### PROBLEM TO SOLVE:
The reply must consist of the complete listing, reproduced exactly, with no images included.

### EXERCISE MATERIAL:

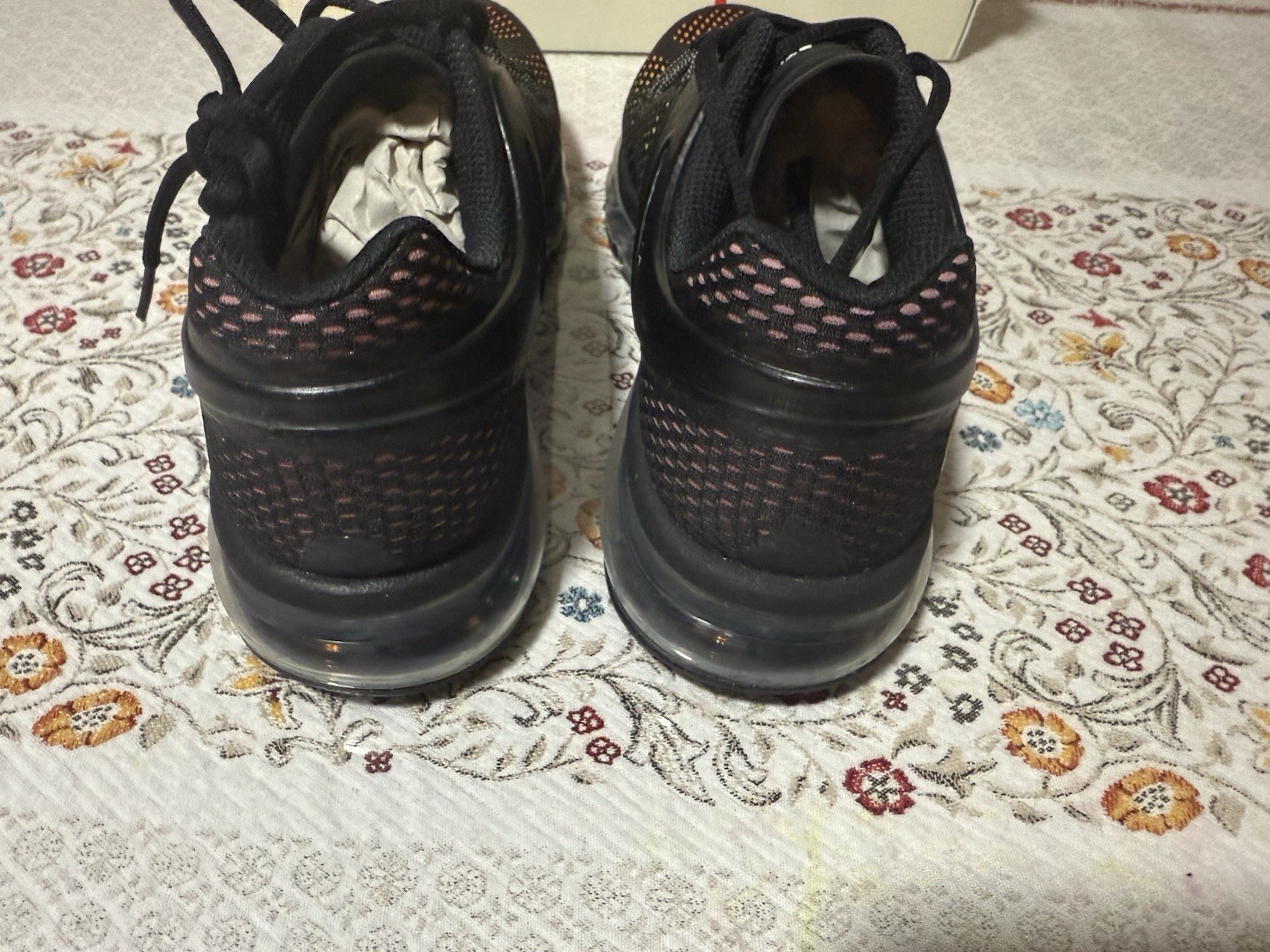 Foto 6 di 10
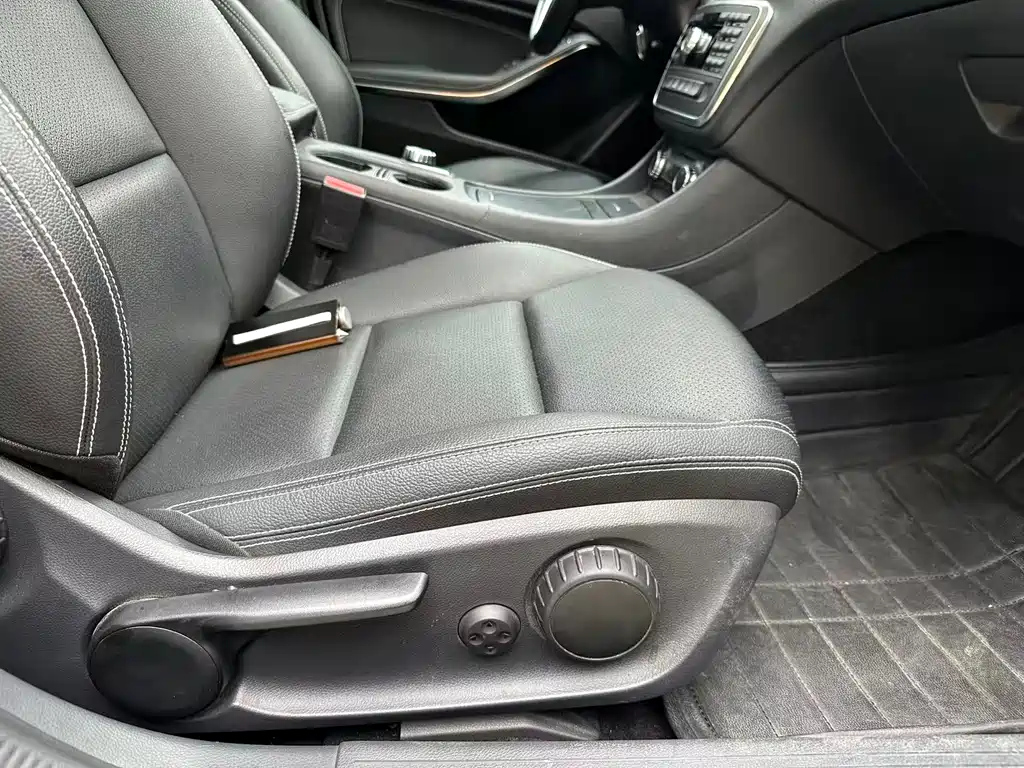 MERCEDES BENZ GLA 2015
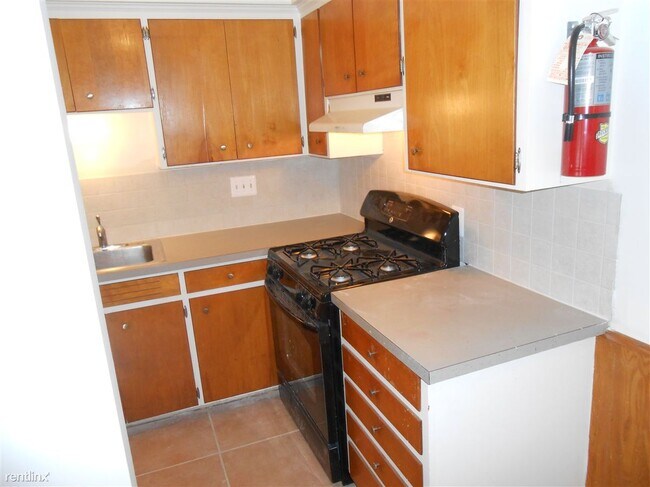 Foto del edificio - 1 br, 1 bath 4plex - 732 W Lincoln Ave 734...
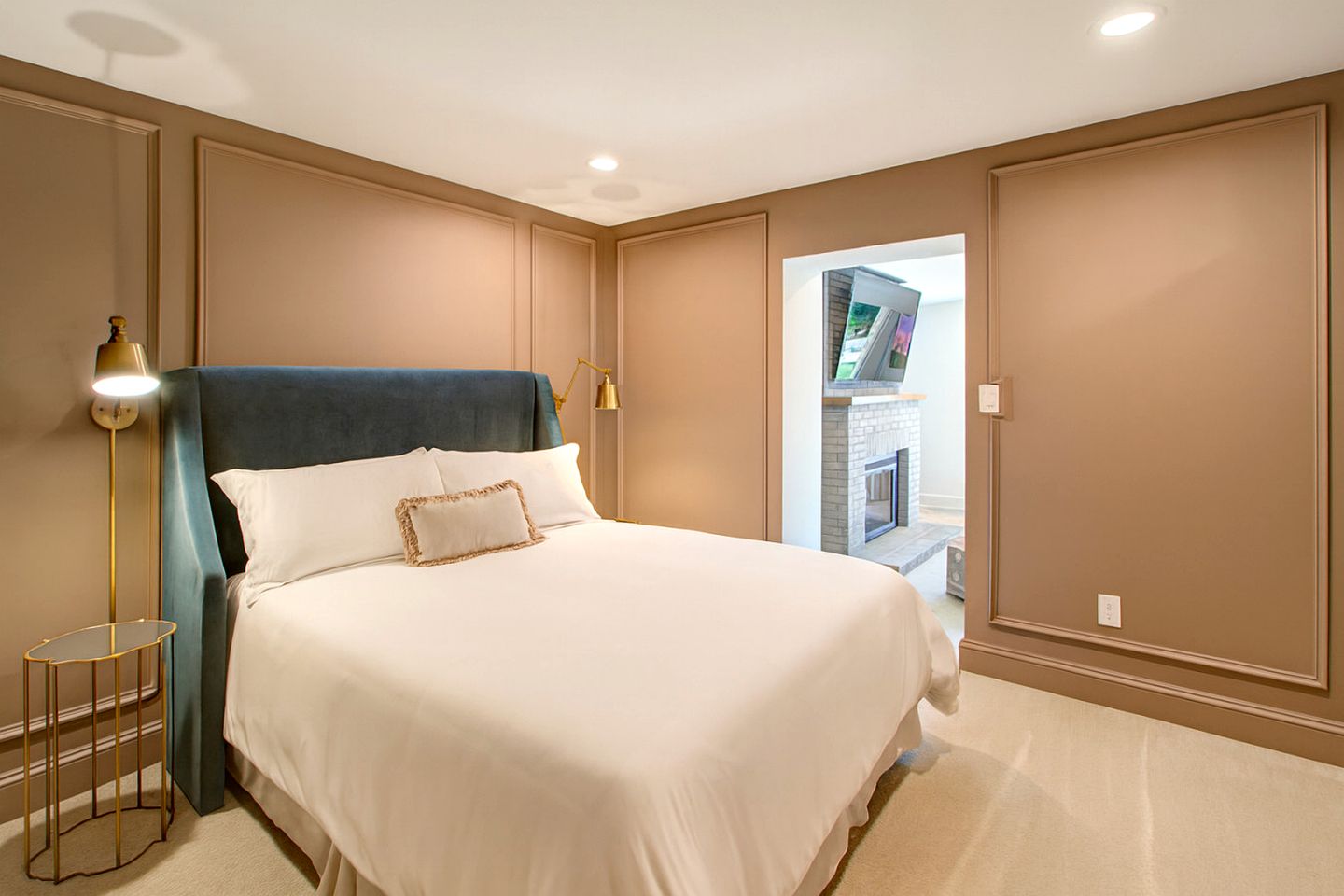 Cozy Cottage with Swimming Pool in Charlotte, North Carolina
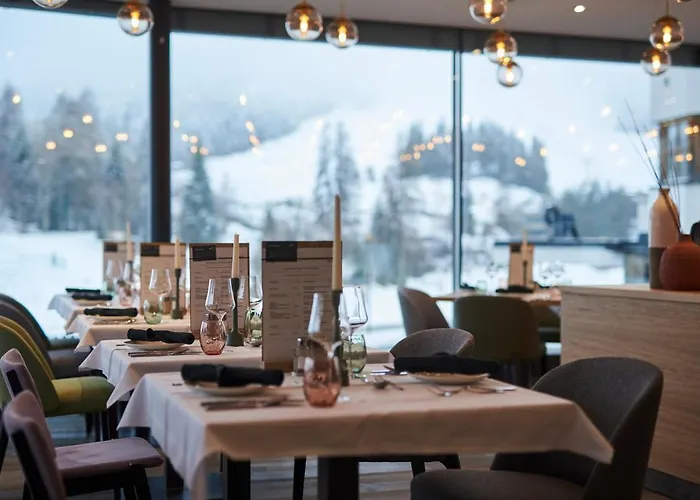 Mountains Seefeld w Tirolu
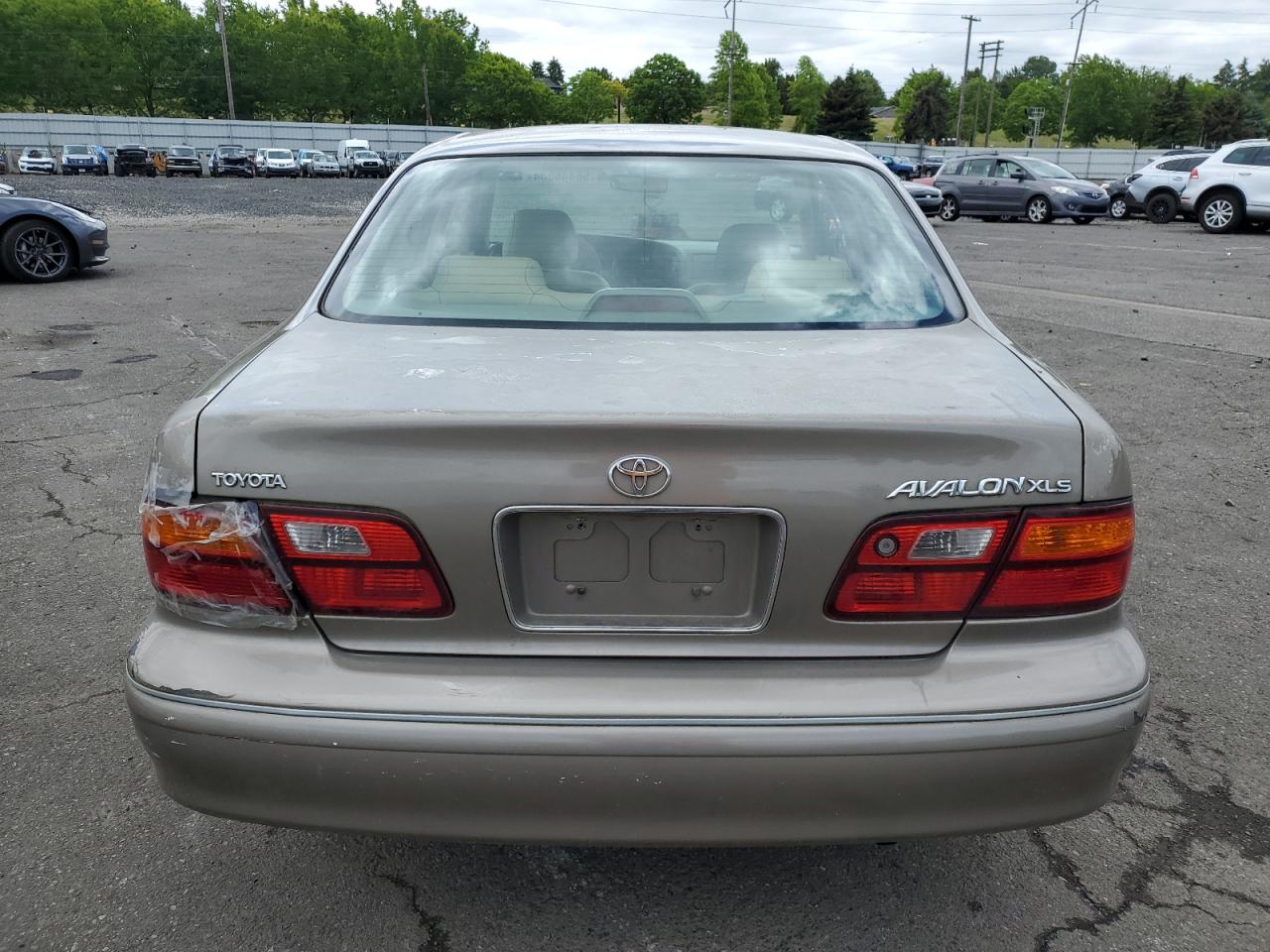 1999 Toyota Avalon Xl VIN: 4T1BF18B6XU310445 Lot: 69044734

### SOLUTION TO THIS EXERCISE:
 Foto 6 di 10
 MERCEDES BENZ GLA 2015
 Foto del edificio - 1 br, 1 bath 4plex - 732 W Lincoln Ave 734...
 Cozy Cottage with Swimming Pool in Charlotte, North Carolina
 Mountains Seefeld w Tirolu
 1999 Toyota Avalon Xl VIN: 4T1BF18B6XU310445 Lot: 69044734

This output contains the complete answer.